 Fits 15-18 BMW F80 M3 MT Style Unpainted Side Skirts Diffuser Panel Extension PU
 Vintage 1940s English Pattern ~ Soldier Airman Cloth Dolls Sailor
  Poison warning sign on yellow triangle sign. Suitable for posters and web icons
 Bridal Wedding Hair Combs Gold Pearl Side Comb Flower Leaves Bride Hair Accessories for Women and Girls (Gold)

---

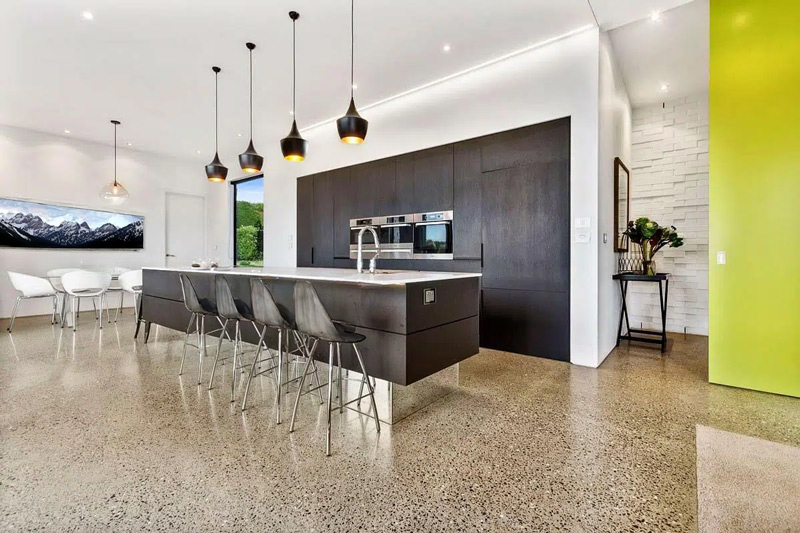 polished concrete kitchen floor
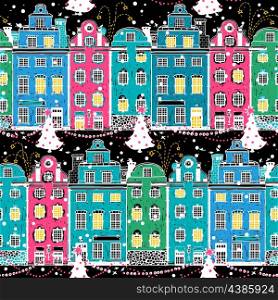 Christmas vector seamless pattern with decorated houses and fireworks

==

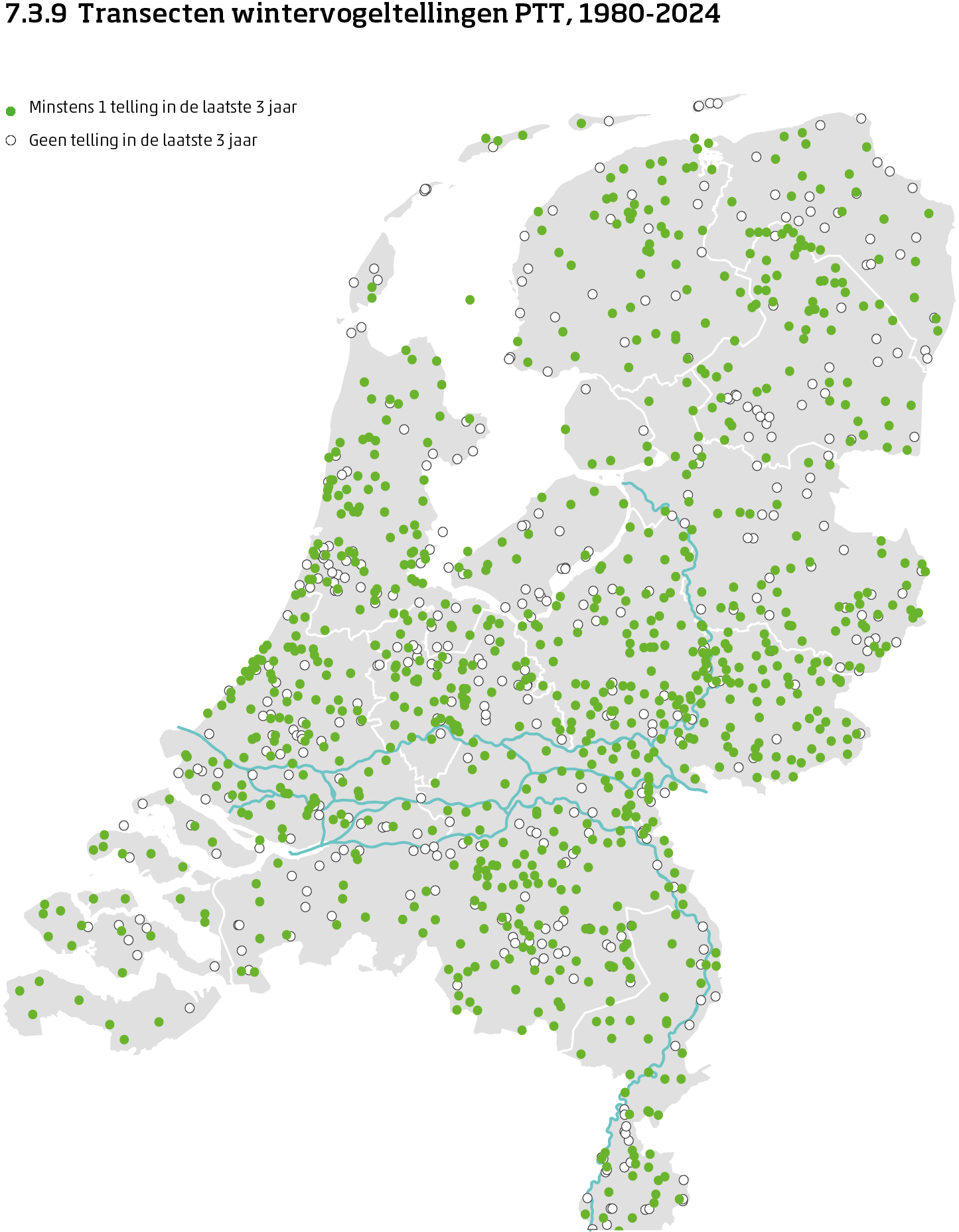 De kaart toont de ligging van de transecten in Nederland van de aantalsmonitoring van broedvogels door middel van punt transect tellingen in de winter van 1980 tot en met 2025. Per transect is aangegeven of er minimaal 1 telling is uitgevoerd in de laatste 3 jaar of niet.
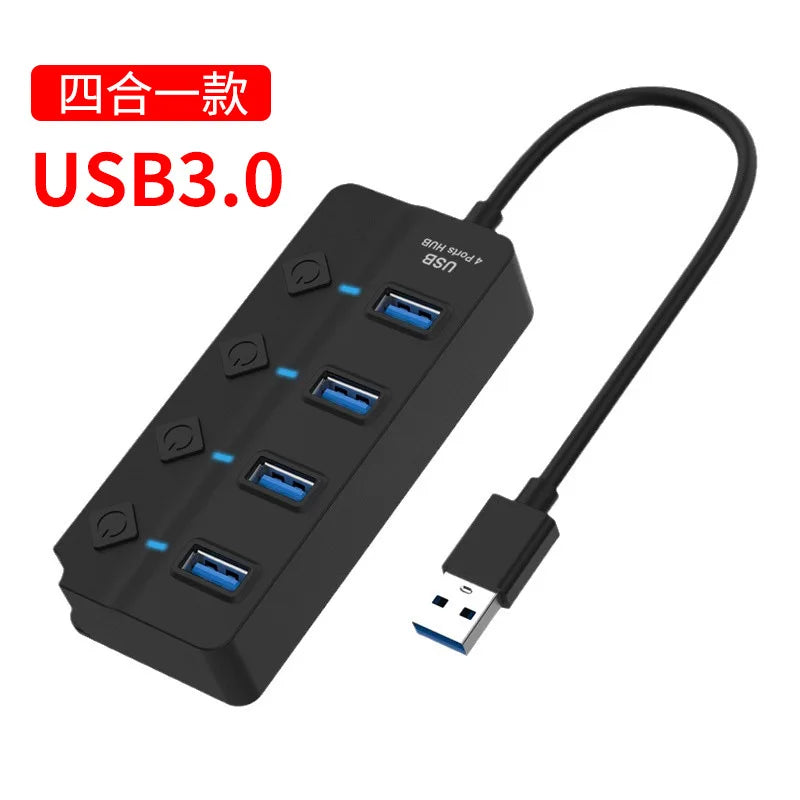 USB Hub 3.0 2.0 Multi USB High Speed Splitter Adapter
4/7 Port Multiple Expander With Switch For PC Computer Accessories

▸ **Exercise brief**: Make an exact copy of the lines above, beginning with the line with "De kaart toont" and ending with the line with "4/7 Port Multiple", and keep the pictures out of it.

▸ **Solved exercise**:
 De kaart toont de ligging van de transecten in Nederland van de aantalsmonitoring van broedvogels door middel van punt transect tellingen in de winter van 1980 tot en met 2025. Per transect is aangegeven of er minimaal 1 telling is uitgevoerd in de laatste 3 jaar of niet.
 USB Hub 3.0 2.0 Multi USB High Speed Splitter Adapter
4/7 Port Multiple Expander With Switch For PC Computer Accessories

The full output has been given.